_Exercise aim_
Transcribe exactly, and only, the lines running from the one that contains "618 Birdsall Dr, Cedar Falls, IA 50613" through the last line of the material. No pictures.

_Dataset records_
++++
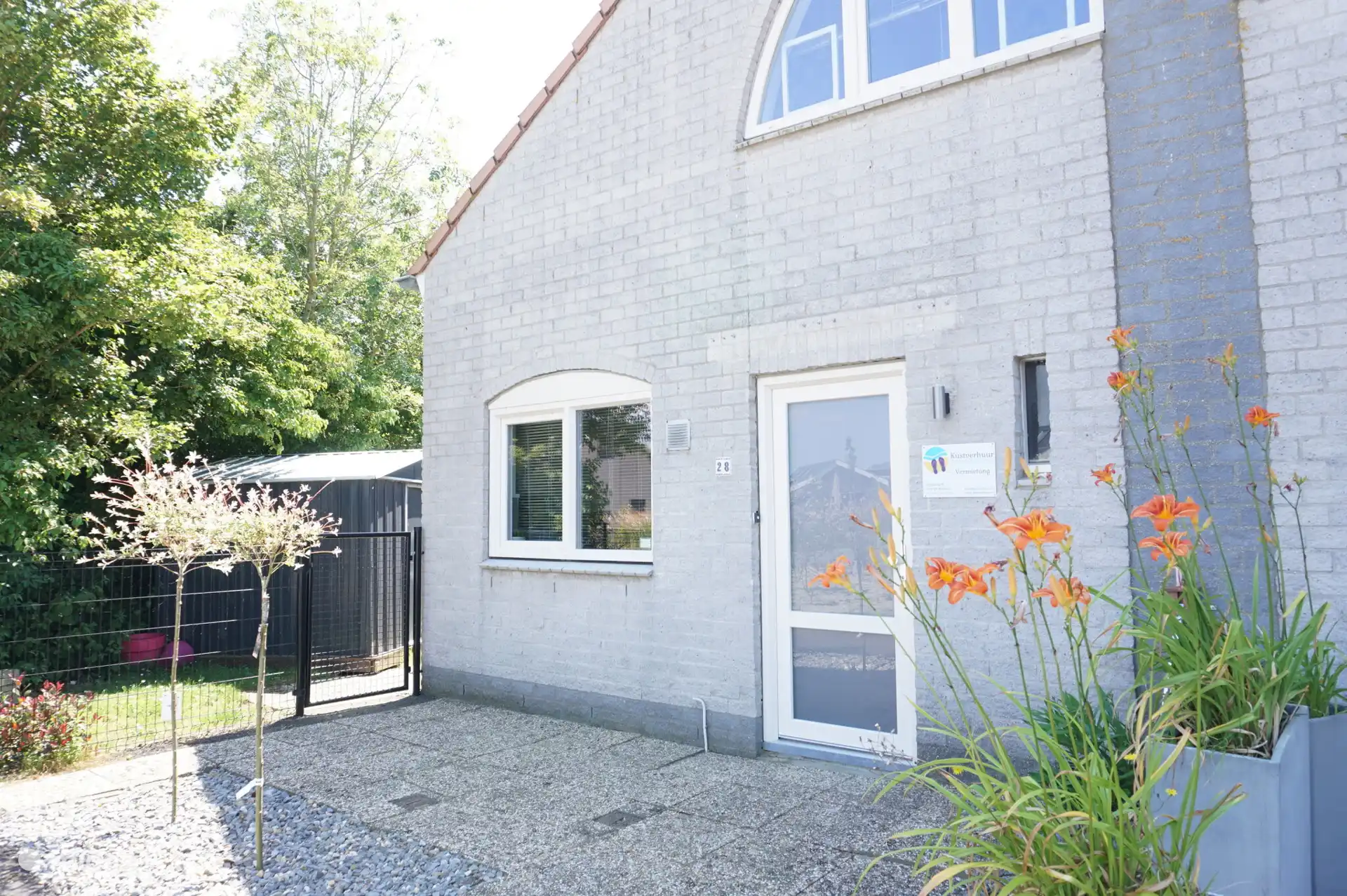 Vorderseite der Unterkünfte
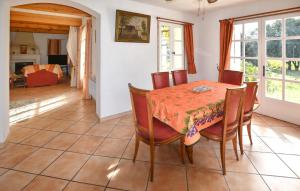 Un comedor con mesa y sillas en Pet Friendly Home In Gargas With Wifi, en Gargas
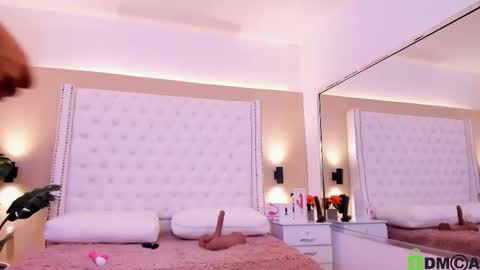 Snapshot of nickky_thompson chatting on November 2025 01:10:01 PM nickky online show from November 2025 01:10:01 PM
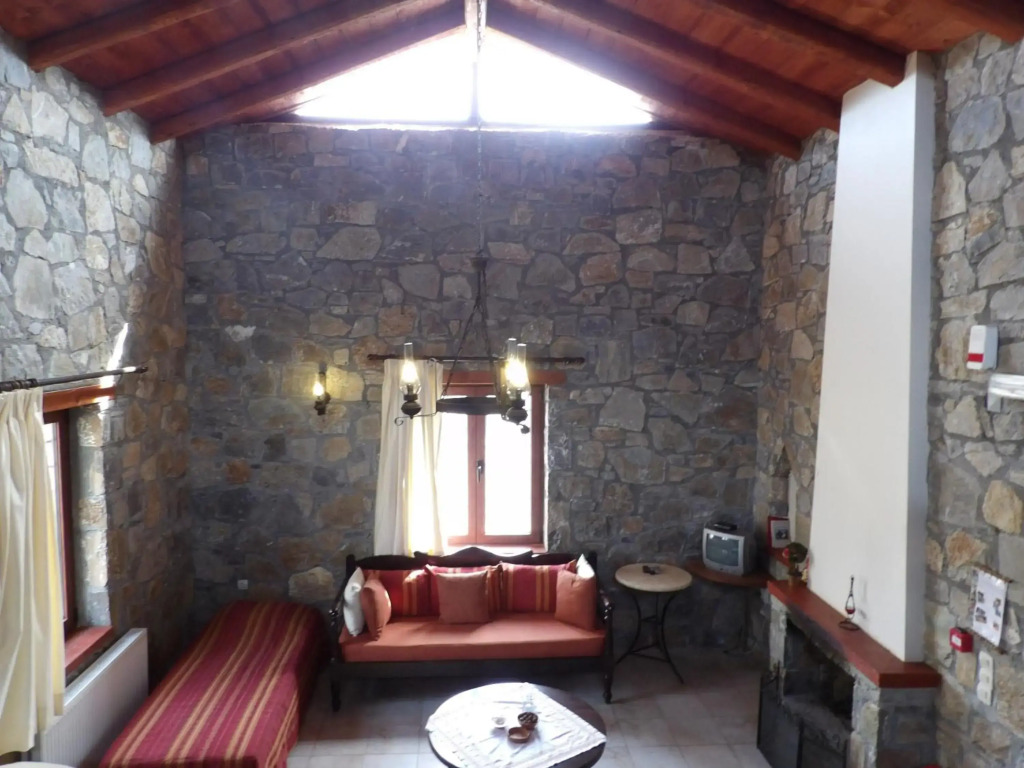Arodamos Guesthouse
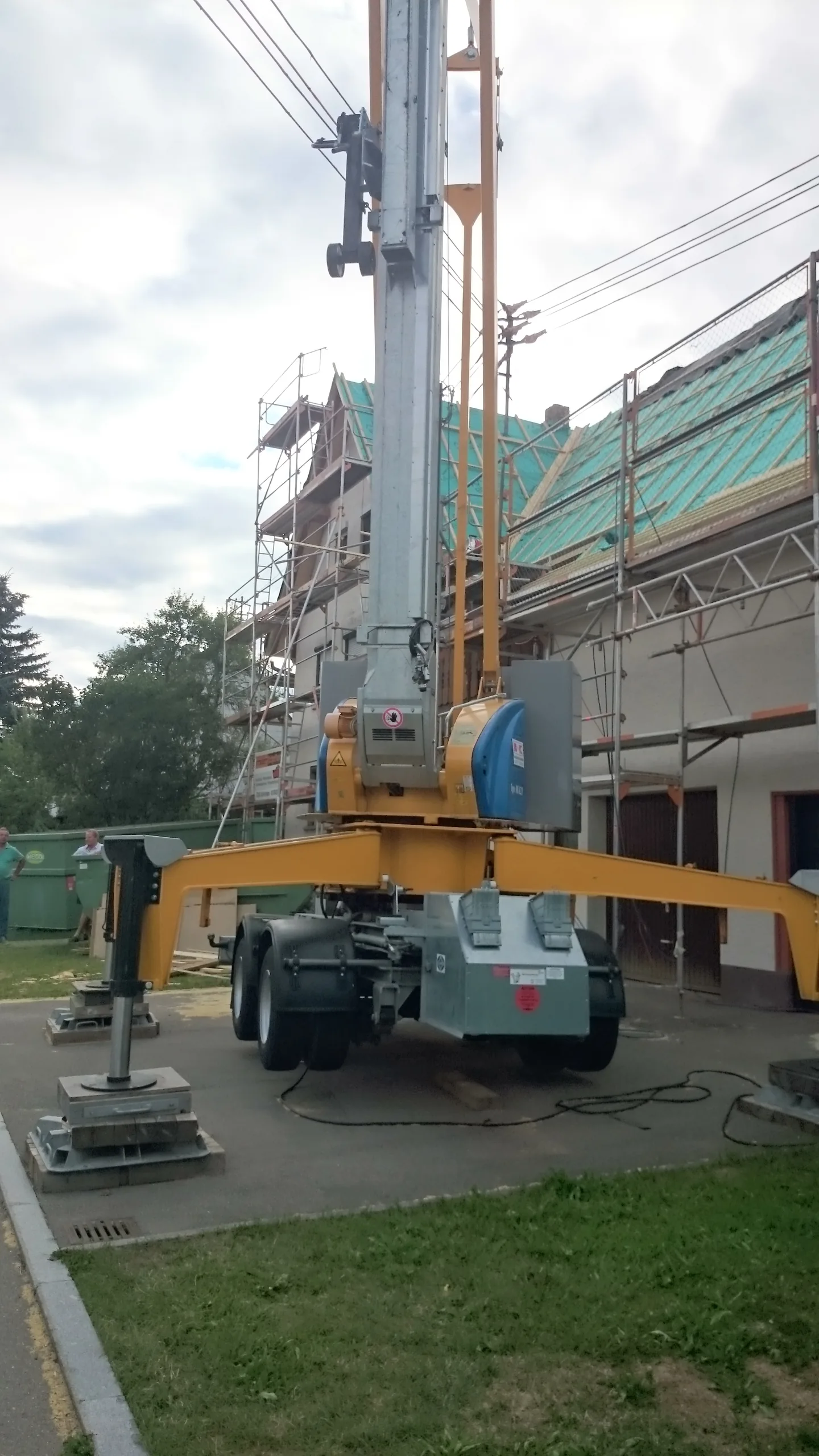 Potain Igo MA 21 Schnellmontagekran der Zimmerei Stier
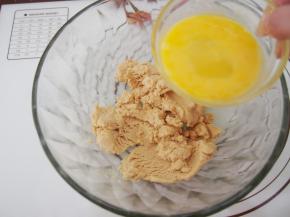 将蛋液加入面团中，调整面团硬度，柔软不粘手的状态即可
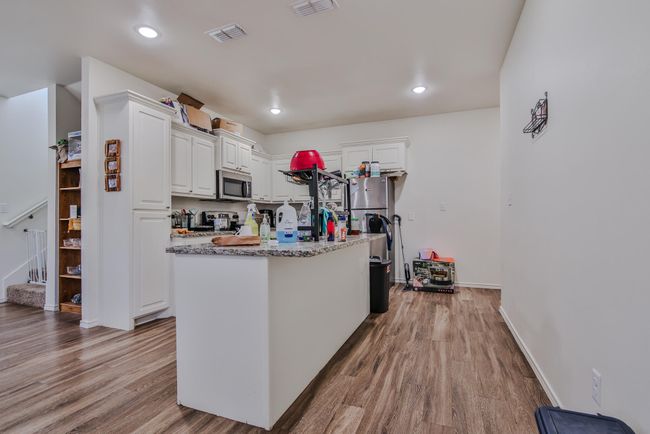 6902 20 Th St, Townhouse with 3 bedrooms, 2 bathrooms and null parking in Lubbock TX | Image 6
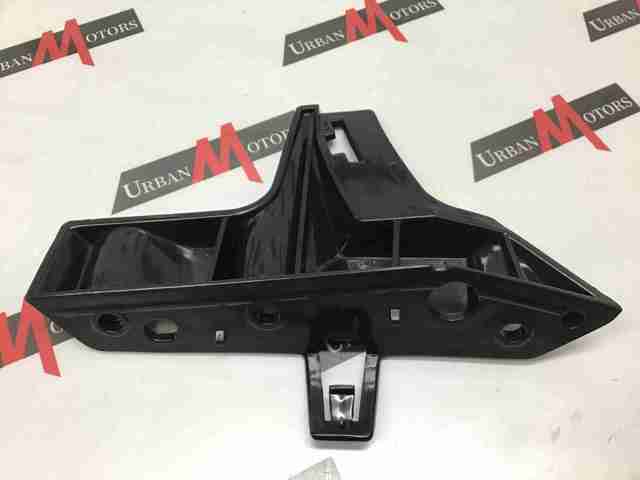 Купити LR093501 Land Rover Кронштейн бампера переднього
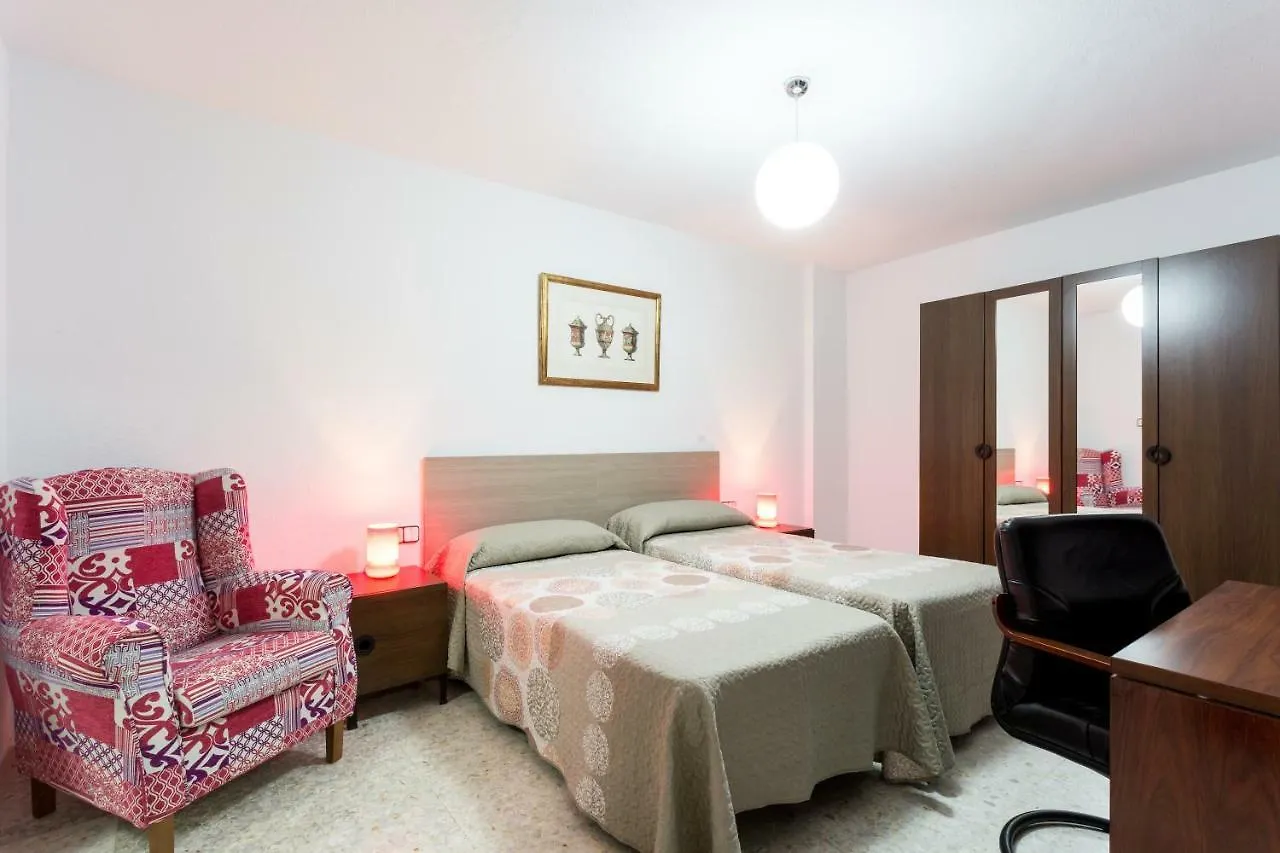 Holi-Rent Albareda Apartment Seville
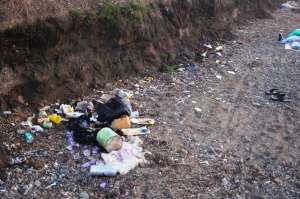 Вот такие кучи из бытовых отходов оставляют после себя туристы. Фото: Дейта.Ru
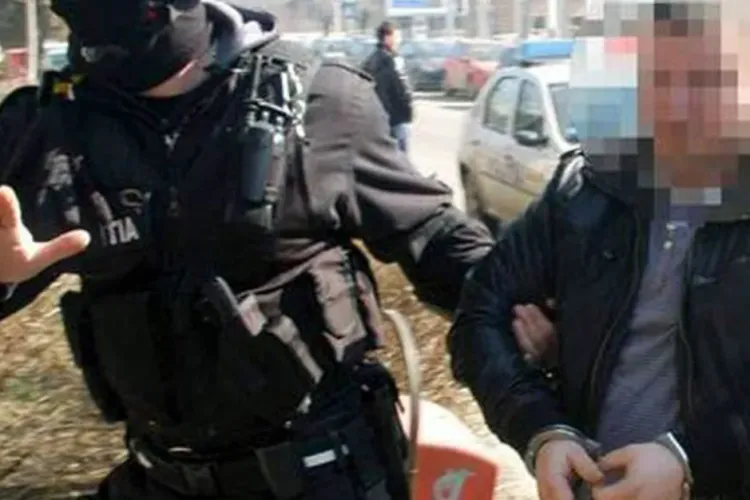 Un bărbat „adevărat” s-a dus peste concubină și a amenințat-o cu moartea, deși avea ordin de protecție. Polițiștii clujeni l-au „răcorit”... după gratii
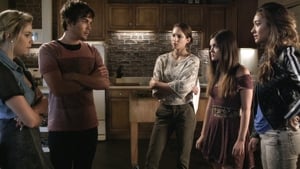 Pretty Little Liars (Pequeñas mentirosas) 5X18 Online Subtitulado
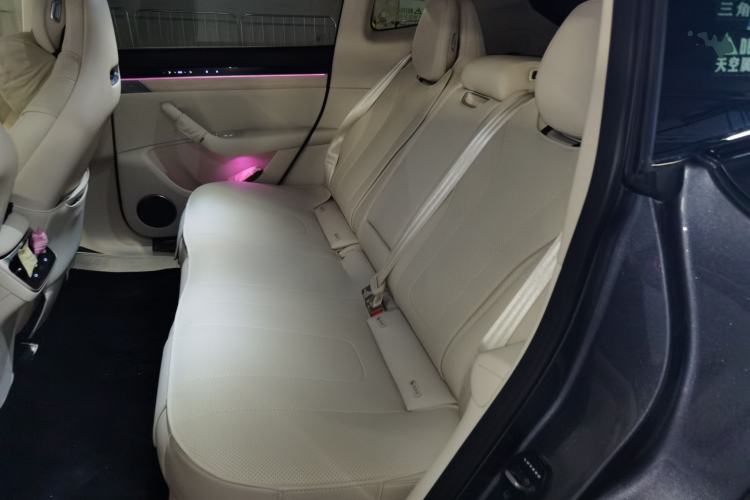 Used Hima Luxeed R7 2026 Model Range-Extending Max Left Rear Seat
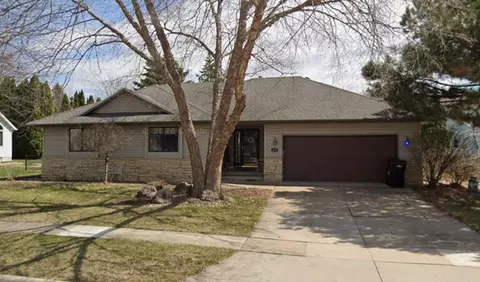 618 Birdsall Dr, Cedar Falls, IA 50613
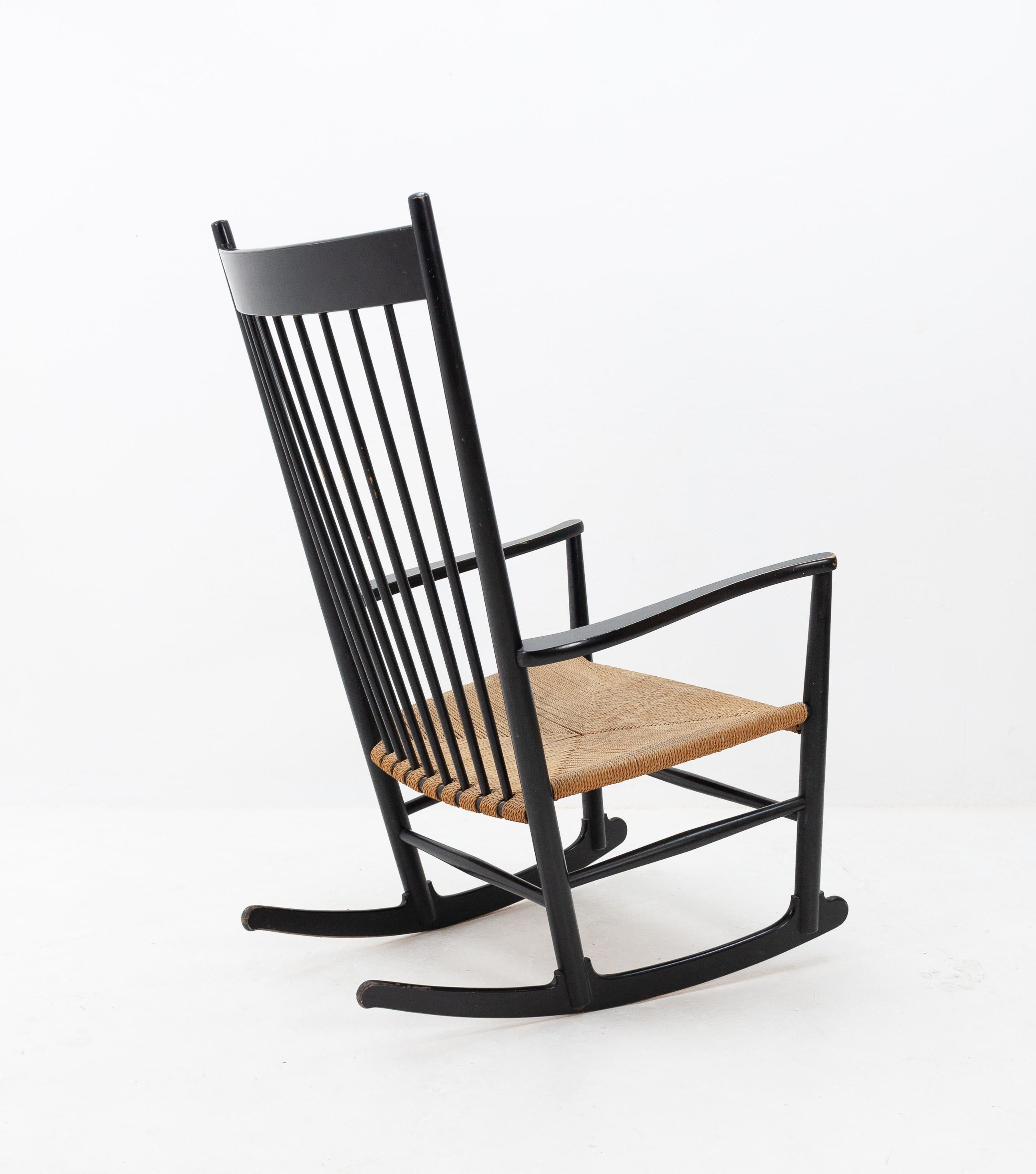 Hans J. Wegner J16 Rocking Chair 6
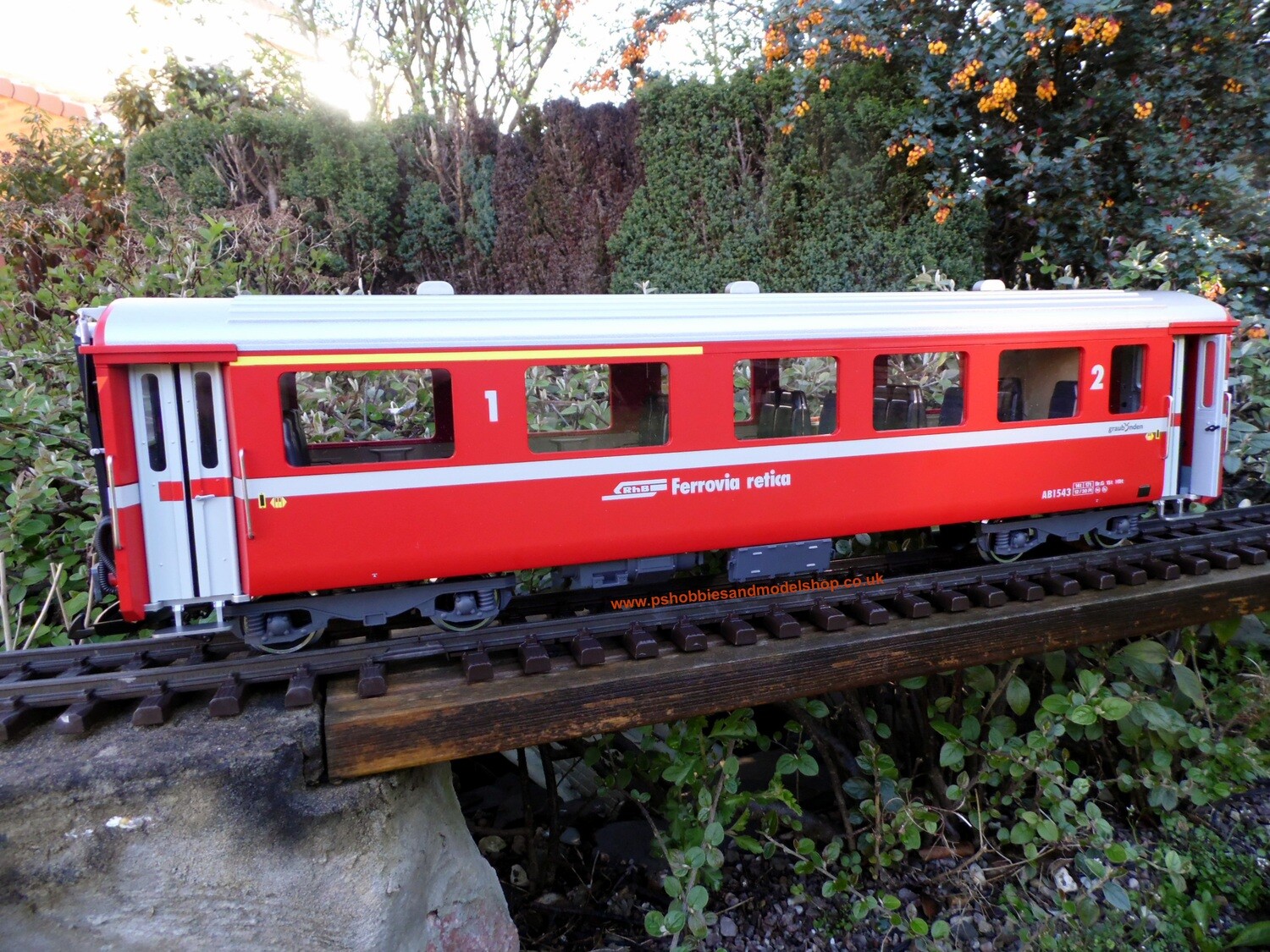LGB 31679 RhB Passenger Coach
++++
_Task output_
 618 Birdsall Dr, Cedar Falls, IA 50613
 Hans J. Wegner J16 Rocking Chair 6
LGB 31679 RhB Passenger Coach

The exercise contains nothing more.